Data supplied:
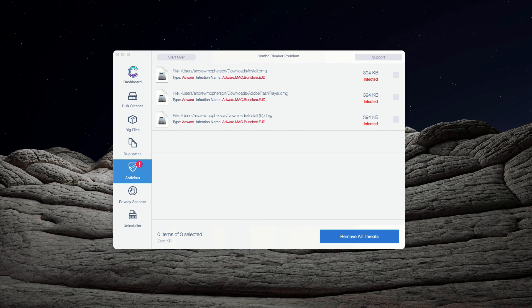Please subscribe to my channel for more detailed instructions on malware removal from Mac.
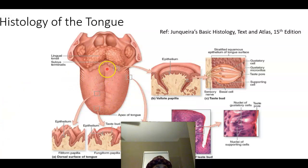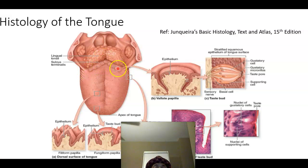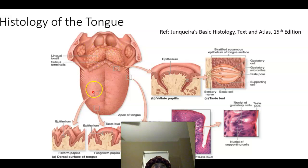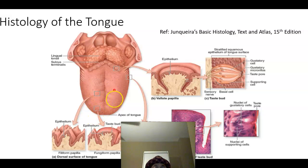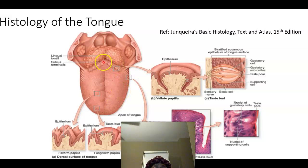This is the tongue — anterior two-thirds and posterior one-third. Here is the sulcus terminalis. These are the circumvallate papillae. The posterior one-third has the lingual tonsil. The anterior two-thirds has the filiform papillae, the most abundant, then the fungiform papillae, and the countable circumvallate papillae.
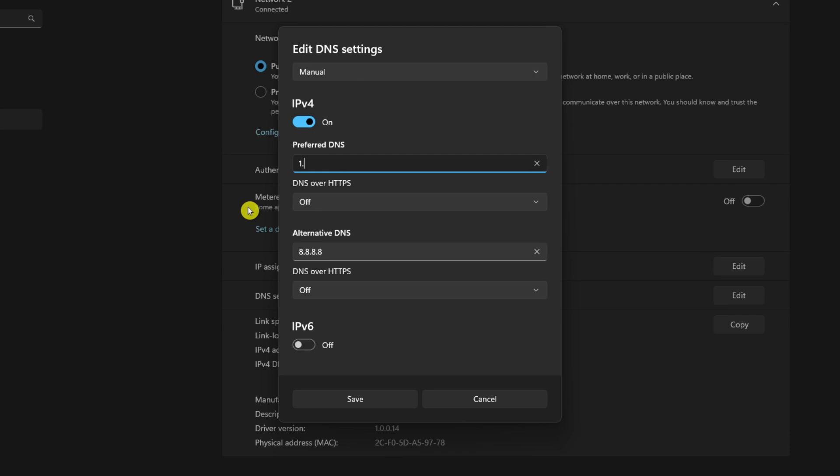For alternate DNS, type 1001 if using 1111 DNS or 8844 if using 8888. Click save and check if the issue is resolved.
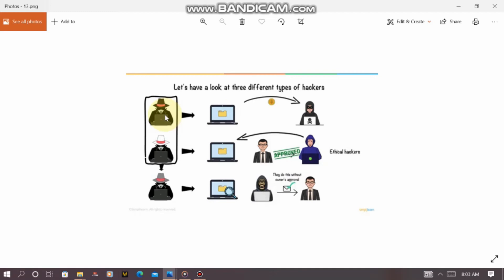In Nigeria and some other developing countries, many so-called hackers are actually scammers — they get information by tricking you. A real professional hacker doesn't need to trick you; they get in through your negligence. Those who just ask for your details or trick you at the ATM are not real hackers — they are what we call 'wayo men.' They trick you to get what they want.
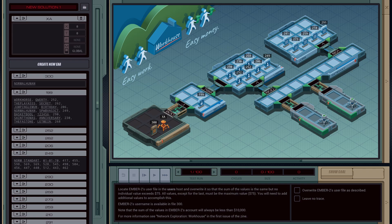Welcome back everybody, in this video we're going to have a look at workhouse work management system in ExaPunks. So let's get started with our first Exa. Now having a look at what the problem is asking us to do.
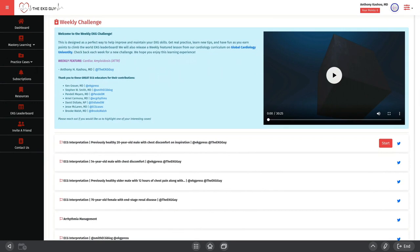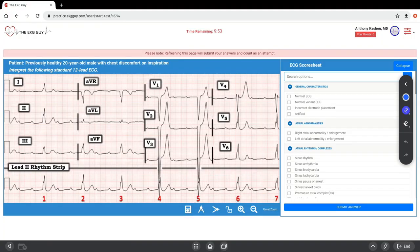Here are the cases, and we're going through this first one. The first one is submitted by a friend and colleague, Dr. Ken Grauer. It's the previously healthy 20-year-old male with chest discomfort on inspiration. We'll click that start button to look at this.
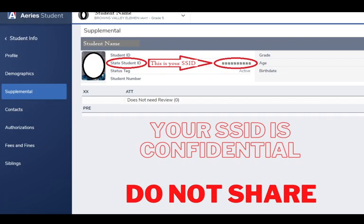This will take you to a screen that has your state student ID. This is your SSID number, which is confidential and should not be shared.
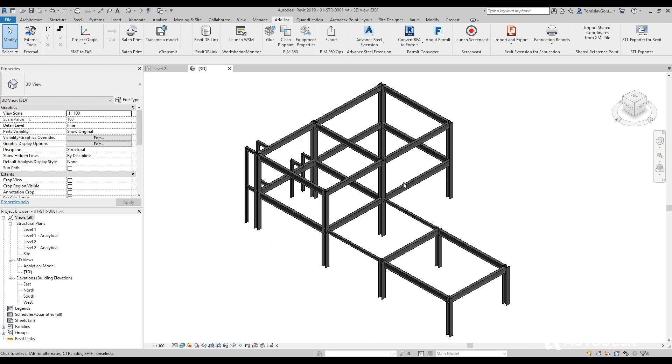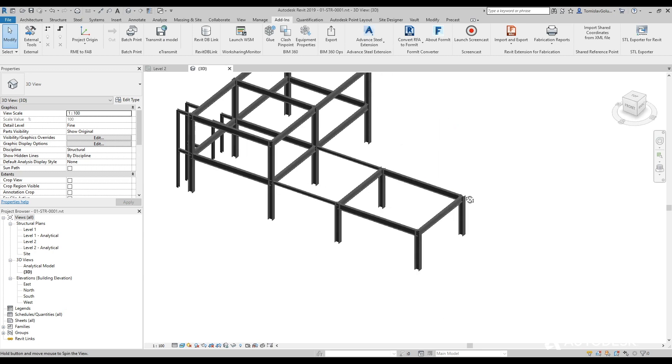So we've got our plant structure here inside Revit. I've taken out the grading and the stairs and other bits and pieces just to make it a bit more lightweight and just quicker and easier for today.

What you are asked to do: Set the records down again precisely, skipping every image.

Task output:
Please subscribe to my channel for more detailed instructions on malware removal from Mac.
This is the tongue — anterior two-thirds and posterior one-third. Here is the sulcus terminalis. These are the circumvallate papillae. The posterior one-third has the lingual tonsil. The anterior two-thirds has the filiform papillae, the most abundant, then the fungiform papillae, and the countable circumvallate papillae.
For alternate DNS, type 1001 if using 1111 DNS or 8844 if using 8888. Click save and check if the issue is resolved.
In Nigeria and some other developing countries, many so-called hackers are actually scammers — they get information by tricking you. A real professional hacker doesn't need to trick you; they get in through your negligence. Those who just ask for your details or trick you at the ATM are not real hackers — they are what we call 'wayo men.' They trick you to get what they want.
Welcome back everybody, in this video we're going to have a look at workhouse work management system in ExaPunks. So let's get started with our first Exa. Now having a look at what the problem is asking us to do.
Here are the cases, and we're going through this first one. The first one is submitted by a friend and colleague, Dr. Ken Grauer. It's the previously healthy 20-year-old male with chest discomfort on inspiration. We'll click that start button to look at this.
This will take you to a screen that has your state student ID. This is your SSID number, which is confidential and should not be shared.
So we've got our plant structure here inside Revit. I've taken out the grading and the stairs and other bits and pieces just to make it a bit more lightweight and just quicker and easier for today.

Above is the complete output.